И так вдоль всего пути. Деревни лениво просыпаются, открылись лавки, стайки подростков бездельно толпятся возле авторемонта. Мягкая волнующаяся линия гор сопровождает движение. Чахлые сосны, ржавые потеки осыпи, каменные изгороди, рассекающие склоны, терраса за террасой, ряды олив, тусклые слюдяные отсветы, серая, затертая в пыль земля, виноградники, укрытые от птиц многометровыми полотнищами. И вновь террасы, набегающие на дорогу, будто поворотом циркуля выхваченные из первозданной неопределенности, плоские, уложенные кругами холмы, ничто не задерживает взгляд, одинокие, затерянные под низким небом фигуры. Бедуин гонит корову, поперек безжизненного косогора, среди бесцветной выгоревшей земли, отчего сам его поход кажется загадочным и бесцельным. Арабка, тянет ослика, еще две, перебирают камни на распаханном поле, земля усыпана этими камнями, будто только их она рождает с завидным и отупляющим постоянством. Горелые остовы машин, брошенные на обочине, как раньше бросали павших лошадей, оставляя гиенам, ветру и солнцу довершить остальное. И еще пост, и еще флаги с упрямой звездой, выбеленные солнцем, изодранные яростным ветром пустыни, брезент бесконечных палаток, руки часовых на винтовках.

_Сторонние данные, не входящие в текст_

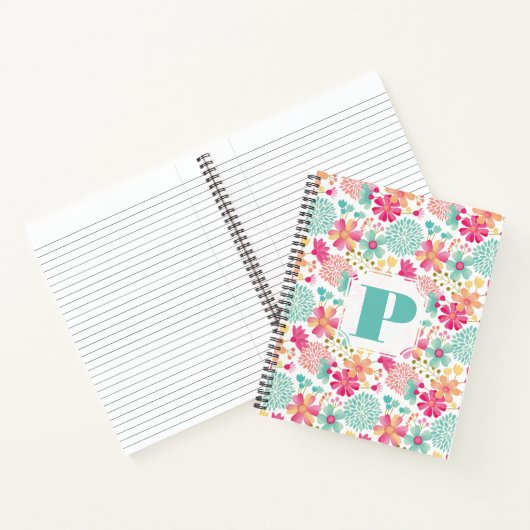 Carnet spiral de Monogramme floral peint Pastel (Intérieur)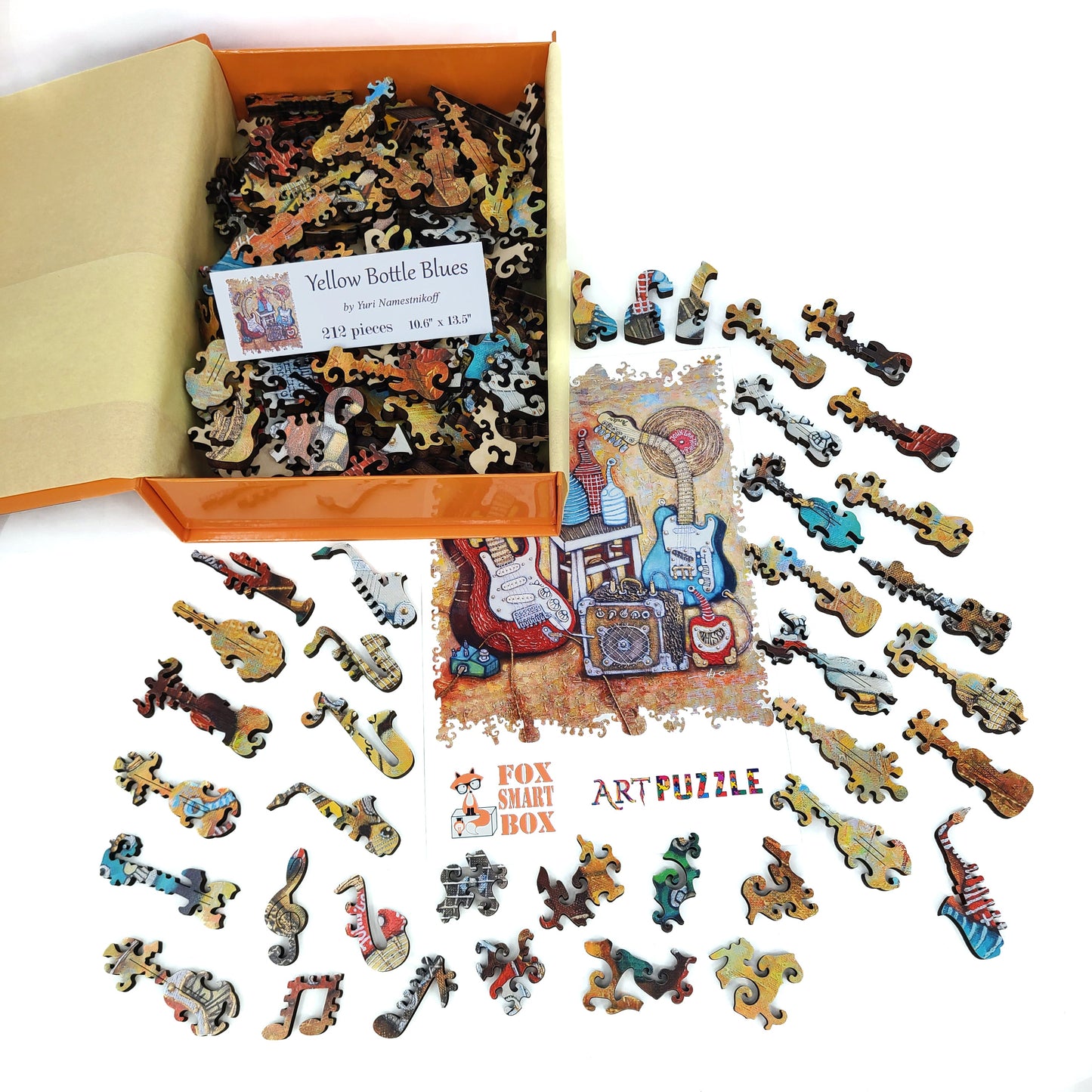 Wooden Jigsaw Puzzle with Uniquely Shaped Pieces for Adults - 212 Pieces - Yellow Bottle Blues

Автобус пустеет, выходят все, офицеры и старослужащие, ребята и девочки. Идут без строя, гурьбой, только молодежь кажется немного потерянной. Привычка к войне и оружию не дается просто, солдатами нигде не рождаются. Как и местные подростки, казалось бы, безразличные к нашему автобусу и его пассажирам. Обруч мира, стягивающий эти деревушки и городки, кажется таким непрочным. Только насыпь, проволока, стволы во все стороны, изодранный флаг. Здесь нет передовой и нет тыла, здесь нельзя словчить и выгадать, здесь все равны. Тут, на оплавленном солнцем плоскогорье, среди этих городков, среди камня и металла, среди нетерпимости, подозрительности и вражды тянутся линии судеб. Здесь крайние сразу все, кто не стал прятаться, кто готов принять эту участь и ответить перед своим Г-подом.
А вот, даже удивительно, затесался ортодокс в сюртуке и шляпе, черных туфлях, будто списанный с персонажей Дж. Свифта. И с неизбежной духоподъемной книгой. И тоже спешит куда-то.